Chargée de mission à Fransylva (la Fédération des syndicats de forestiers privés de France), Marie Pillon donne quelques exemples de ravageurs (lire ci-contre) : « Dans notre région, la chalarose du frêne, un champignon qui se développe dans les feuilles mortes, a fait de nombreux dégâts et continue de sévir.
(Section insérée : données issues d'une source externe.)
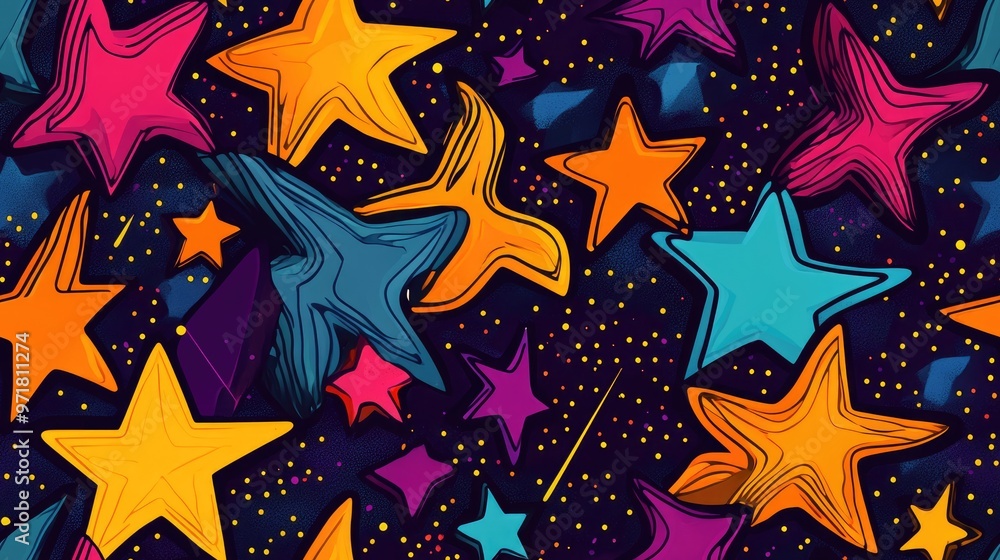 Vibrant seamless star pattern Infinite raster ornament Vibrant seamless star pattern Infinite raster ornament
Ce phénomène est inquiétant, car les frênaies représentent la première essence en France en termes de surface. » Une stratégie générale de gestion des frênaies sera bientôt mise en place au niveau national pour contrer la prolifération de cet agresseur.
Si les ravageurs ont toujours sévi en faisant plus ou moins de dégâts, avec le changement climatique, les aléas et donc les crises risquent d’être de plus en plus nombreux. « C’est un contexte mouvant qu’on ne peut pas prédire, regrette Benjamin Cano. Températures extrêmes et fluctuantes, sécheresses à répétition… Tout cela modifie l’équilibre des arbres. »
Pour cela, la gestion adaptative des bois et des forêts reste la meilleure manière de contrer ces effets de crises voire de les anticiper. Les chargés de mission ont déterminé trois leviers d’actions. Le premier concerne les aléas. « Pour prévenir et éviter la survenance des aléas, des contrôles d’introductions d’organismes pathogènes exotiques sont réalisés lors de ventes de bois hors de nos frontières, explique Benjamin Cano. À l’échelle des forestiers, les coupes peuvent être espacées ou différées afin d’épuiser le parasite. »
« On peut imaginer un temps d’attente de deux ans entre la coupe et la plantation de résineux, illustre Marie Pillon. L’hylobe du pin par exemple, n’a donc plus d’organismes hôtes et sa population décroît. C’est une manière de prévenir le développement de ce ravageur. » Par ailleurs, des travaux préparatoires du sol avant le reboisement peuvent être effectués. « Cela permet un bon développement racinaire des plants, précise la chargée de mission chez Fransylva. Les plants sont moins vulnérables et donc moins sensibles aux sécheresses par exemple. »
Pour lutter contre ces aléas, on peut recourir à la lutte biologique, à des traitements ou des prélèvements d’arbres en souffrance pour bloquer la dissémination des agents pathogènes. « Dans les plans de gestion, il est important de conserver ou de renforcer des services écosystémiques : conserver des mares forestières et les bois mort, entretenir les lisières… », précise Marie Pillon.
Pour réduire la vulnérabilité des essences, les chargés de mission conseillent aussi d’utiliser des plants hybrides et de qualité, d’être précautionneux sur les conditions d’implantation. « Des coupes sanitaires peuvent être effectuées lorsque les arbres sont touchés par l’agent pathogène, explique Benjamin Cano. Mais le meilleur moyen de s’adapter à ces sources pathogènes est de diversifier les essences plantées. Il ne faut pas mettre tous ses œufs dans le même panier. Cela passe aussi par la culture des mélanges d’essences et leur adaptation au contexte pédoclimatique. »
« Raccourcir les durées de cultures, produire du bois de moins gros gabarit ou lever les freins de la commercialisation à l’export ou de certains marchés sont des solutions », explique le chargé de missions au CRPF. À deux conditions : l’adaptation des marchés et de l’aval de la filière.